» **LISTED RECORDS**
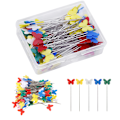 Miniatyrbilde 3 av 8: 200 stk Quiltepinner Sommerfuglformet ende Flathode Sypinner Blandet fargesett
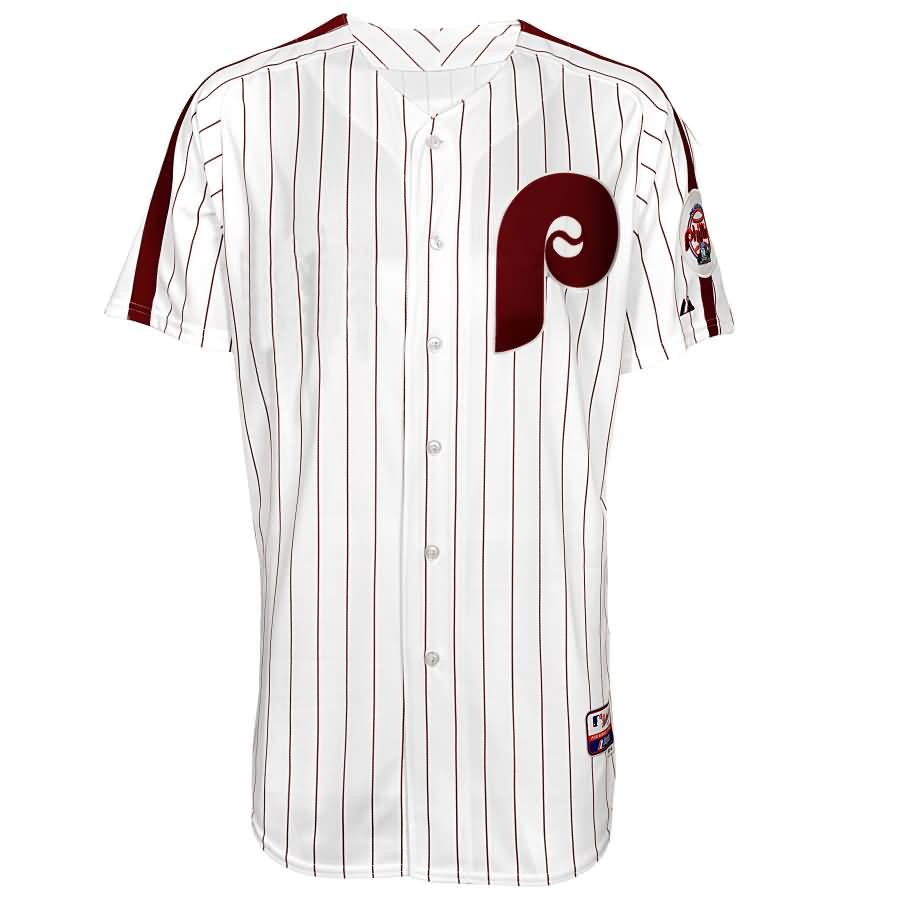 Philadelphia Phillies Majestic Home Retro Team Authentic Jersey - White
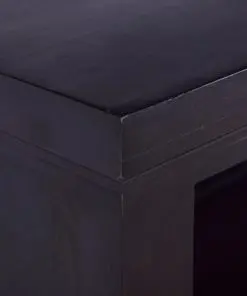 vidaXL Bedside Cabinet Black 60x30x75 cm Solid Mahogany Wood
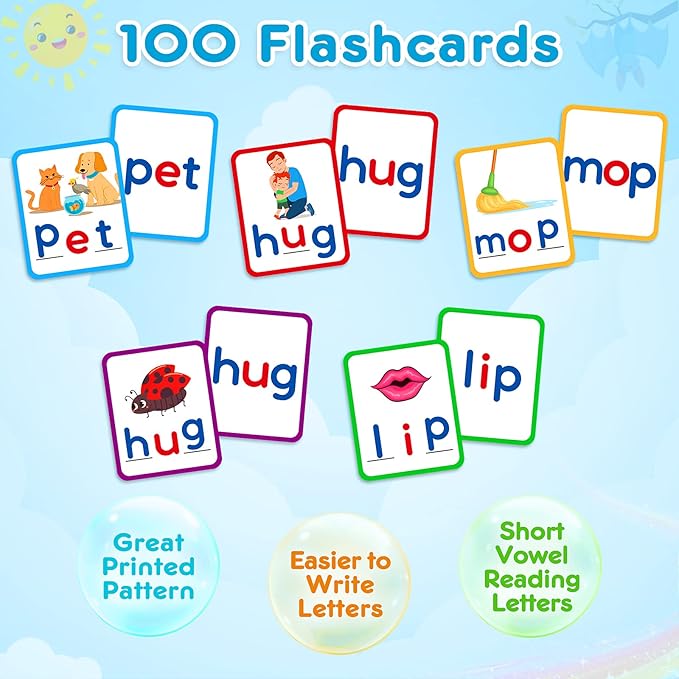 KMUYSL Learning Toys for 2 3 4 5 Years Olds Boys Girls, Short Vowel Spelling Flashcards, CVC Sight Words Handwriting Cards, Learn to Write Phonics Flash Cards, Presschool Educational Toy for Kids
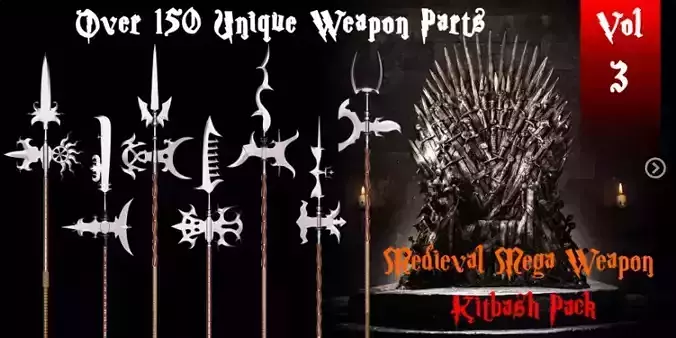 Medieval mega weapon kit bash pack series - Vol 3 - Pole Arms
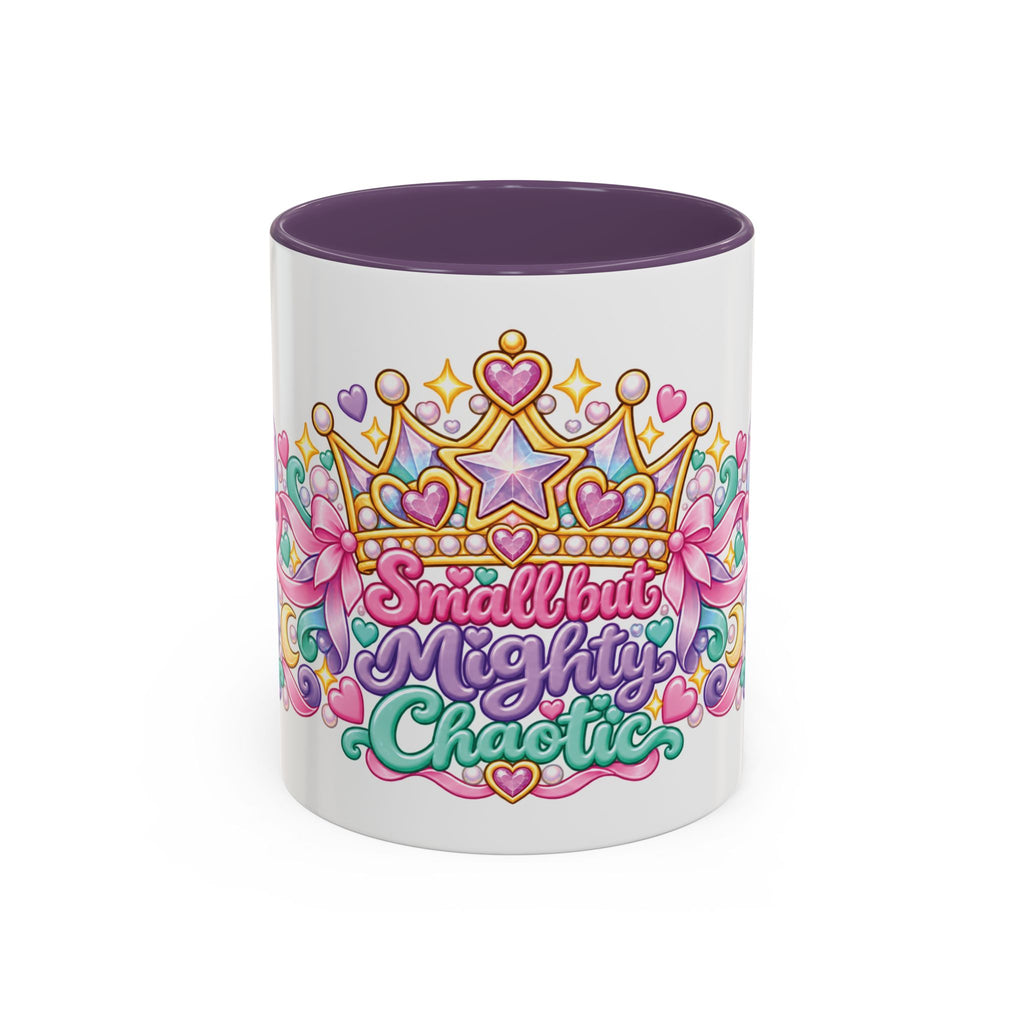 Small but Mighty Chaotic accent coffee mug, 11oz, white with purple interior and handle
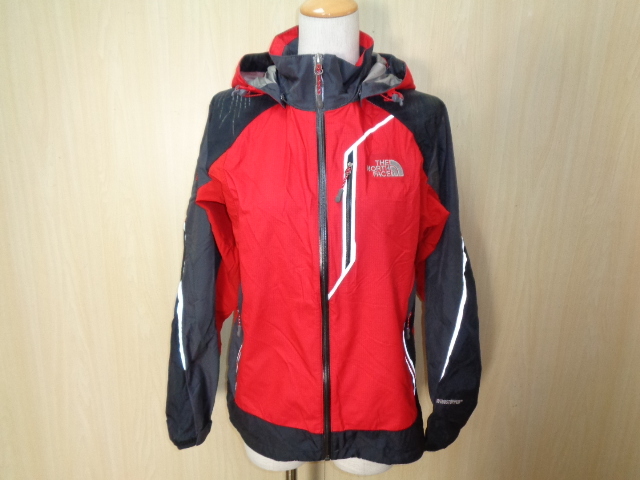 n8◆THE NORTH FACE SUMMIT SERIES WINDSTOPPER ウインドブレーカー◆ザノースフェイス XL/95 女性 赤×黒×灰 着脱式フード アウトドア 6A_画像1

» **TASK PROMPT**
Retype each record exactly as it stands, but do not include the pictures.

» **EXPECTED ANSWER**
 Miniatyrbilde 3 av 8: 200 stk Quiltepinner Sommerfuglformet ende Flathode Sypinner Blandet fargesett
 Philadelphia Phillies Majestic Home Retro Team Authentic Jersey - White
 vidaXL Bedside Cabinet Black 60x30x75 cm Solid Mahogany Wood
 KMUYSL Learning Toys for 2 3 4 5 Years Olds Boys Girls, Short Vowel Spelling Flashcards, CVC Sight Words Handwriting Cards, Learn to Write Phonics Flash Cards, Presschool Educational Toy for Kids
 Medieval mega weapon kit bash pack series - Vol 3 - Pole Arms
 Small but Mighty Chaotic accent coffee mug, 11oz, white with purple interior and handle
 n8◆THE NORTH FACE SUMMIT SERIES WINDSTOPPER ウインドブレーカー◆ザノースフェイス XL/95 女性 赤×黒×灰 着脱式フード アウトドア 6A_画像1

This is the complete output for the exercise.